Thursday, February 5, 2009

Culture Shock at the Gym: Why I Own a Home Elliptical Machine

Elliptical Mileage: 7.1 miles
MP3 Player: Nine (Original Broadway Cast)

I'm getting a streak going on the elliptical machine: today was my tenth consecutive day without finding an excuse to stay in bed instead of waking up early enough to put in my miles and still get to my first classs on time. Since I've never liked exercise, this is a noteworthy achievement! Now I have some motivation to keep the streak going, because who wants to start back at the beginning, right?

Is anyone wondering why I shelled out roughly $1200 to have a good-quality Spirit elliptical machine at home, instead of going to the gym like most people? I'll tell you: because international travel and adapting to foreign cultures aren't nearly enough preparation for surviving in a gym where senior citizens make the rules!

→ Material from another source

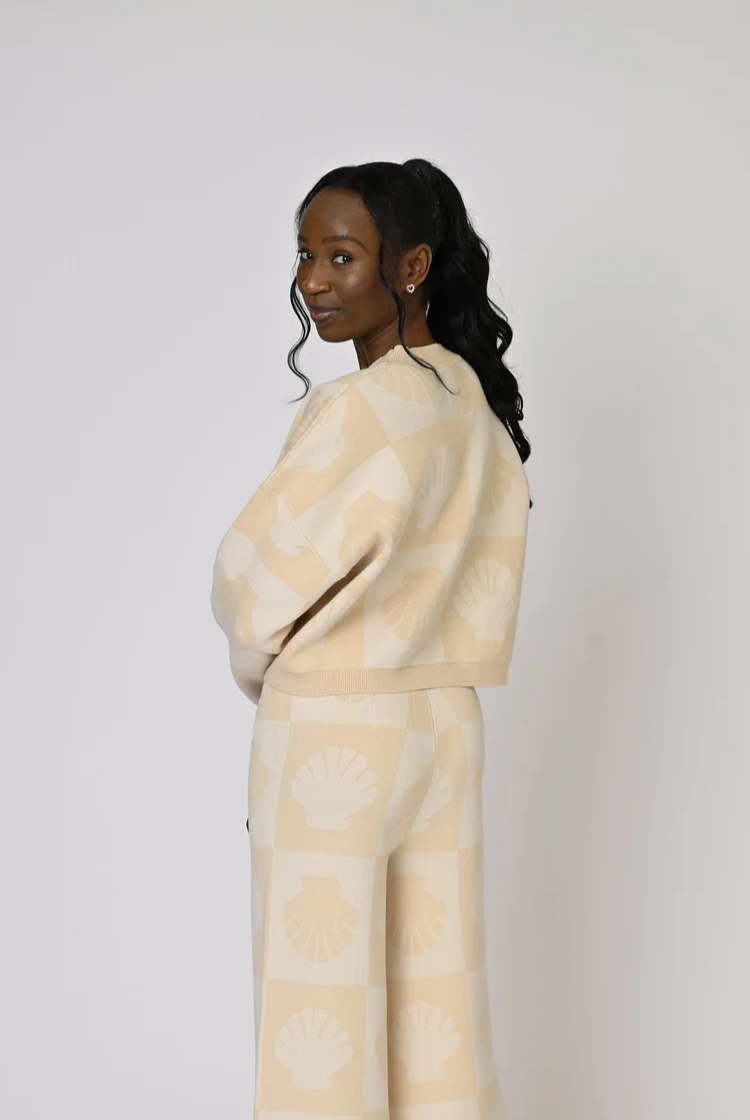 Nala Cropped Crewneck Sweater in Tan Shell Print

In the university town where I live, the best-equipped gyms are the campus facilities, no question. Also, I checked out the other gyms, and most of the clientele there were the grown-up versions of the guys who made me try to fake leprosy and bubonic plague to avoid phys ed all through middle and high school. But even though it was easy to rule those places out, using the main campus gym is not my idea of a good time, either: it's always crowded, finding a free elliptical or treadmill is almost impossible, and working out with my students - all of them half my age and most of them naturally athletic - is just too depressing to face first thing in the morning at my time of life.

So I turned instead to the small, no-students-allowed gym reserved for faculty and staff in what's annoyingly called the "Campus Wellness Center." (Is "wellness" even a real word?! I don't think so.) That seemed like a better fit, especially the absence of 20-year olds with 28-inch waists. Little did I know, though, that most of the faculty and staff preferred the main gym (maybe they like the eye candy factor of all that buff youth gleaming with sweat), and that during the before-work hours, the Wellness Center gym was Senior Citizen Territory.

When I joined on the first morning and saw that I was going to be the only person there under retirement age, I didn't think anything of it - better sharing the equipment with senior citizens than with college kids, right? Ha! At least I was once in college myself, so I know some of the tribal customs. But, still being a fair distance away from my first AARP card, the rites and rituals of senior citizens together remain undiscovered country for me.

The first thing I noticed was that without an "in", even getting a machine was hard: if I used the sign-up sheet to reserve the next open elliptical or treadmill, when the current occupant finished she'd invariably say: "I'm so sorry, dear, but I already promised Martha she could use this one next .... No one in here pays attention to those sign-up sheets." And when an elliptical did open up for me, there was this one senior who liked wandering among the machines to chat with his friends who were using them - and he always ended up standing directly in front of me, actually draping his towel over the frame of my machine and LEANING on it, chattering away, while I was using it! (Let's not even talk about having every single television tuned to Fox Morning News at full volume, a regional tribal custom which constituted cruel and unusual punishment.)

I hung on as long as I could, but eventually I realized the culture shock was too much for me: one January day I grabbed the only empty elliptical machine, which was between two treadmills being used by two elderly ladies. No sooner had I gotten started than they started having a conversation right around/through me - a very loud conversation with lots of repetition, since neither of them could hear the other too well over the sound of the machines and the Fox News denouncers. The topic of the conversation: one woman's daughter's hysterectomy and the post-surgical complications - in great (and often repeated detail). Try to picture this:

SENIOR #1: And the day after the operation, she started to hemorrhage!
SENIOR #2: What?
SENIOR #1: I said, the day after the operation, SHE STARTED TO HEMORRHAGE!

The conversation went on from there .... and after about 10 minutes, midway through a discussion of surgical sponges accidently left in various friends' and relatives' abdomens, I knew that these would never be my people.

And so, that afternoon after my last class I went straight to the local sporting goods store, where the salesman told me he'd sell me an elliptical on credit, at 0% interest for the first 12 months. They delivered it the next day.